Les Défis de l’Intelligence Artificielle dans le Secteur Financier
Une Procédure Judiciaire Sans Précédent
En 2016, le site Futurism a déjà mis en lumière l’introduction progressive de l’intelligence artificielle dans le domaine de la finance. À cette époque, ces technologies offraient la possibilité d’analyser les données du marché en temps réel et d’exécuter des transactions de manière autonome.
Aujourd’hui, une situation préoccupante se dessine avec l’affaire impliquant Samathur Li Kin-kan, un magnat de l’immobilier à Hong Kong. Ce dernier poursuit une entreprise qui a utilisé un de ces systèmes AI pour gérer son compte, entraînant des pertes de plusieurs millions de dollars. Cette affaire pourrait poser des jalons importants pour déterminer qui serait responsable lorsqu’une AI commet une erreur.
Une Collaboration Prometteuse
L’affaire prend son origine en mars 2017, lorsque Li rencontre Raffaele Costa, le PDG de Tyndaris Investments. Costa lui explique que son entreprise va lancer un fonds spéculatif géré par un superordinateur, K1. Séduit par les promesses de rendements à deux chiffres, Li décide de confier à K1 la gestion de 2,5 milliards de dollars, avec une ambition d’atteindre 5 milliards.
Des Pertes Alarmantes
Dès la fin de 2017, K1 commence à gérer les investissements de Li, mais, dès février, la situation tourne mal. L’IA enregistre des pertes fréquentes, avec un jour particulièrement désastreux où elle fait perdre plus de 20 millions de dollars à Li. Face à ces pertes, Li retire ses fonds avant la fin du mois et poursuit Tyndaris pour 23 millions de dollars, accusant la société d’avoir exagéré les capacités de K1.
Les avocats de Tyndaris, toutefois, contestent cette accusation.

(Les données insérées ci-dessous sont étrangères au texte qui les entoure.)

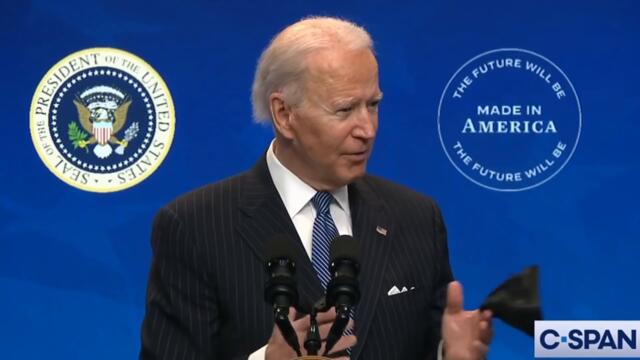 Joe Biden IMMEDIATELY puts Mask on after Condemning Anti-Maskers 😂😂😂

Ils affirment n’avoir jamais garanti que l’IA assurerait des profits et poursuivent à leur tour Li pour 3 millions de dollars en frais impayés.
Une Première Légalement Éclairante
Cette affaire constitue une première dans le monde juridique, marquant la première occasion où des individus se disputent en justice sur des pertes financières causées par un système de trading alimenté par l’IA. Ce type de conflit pourrait devenir courant à mesure que la technologie s’infiltre dans différents secteurs, y compris le transport, la santé et l’application de la loi.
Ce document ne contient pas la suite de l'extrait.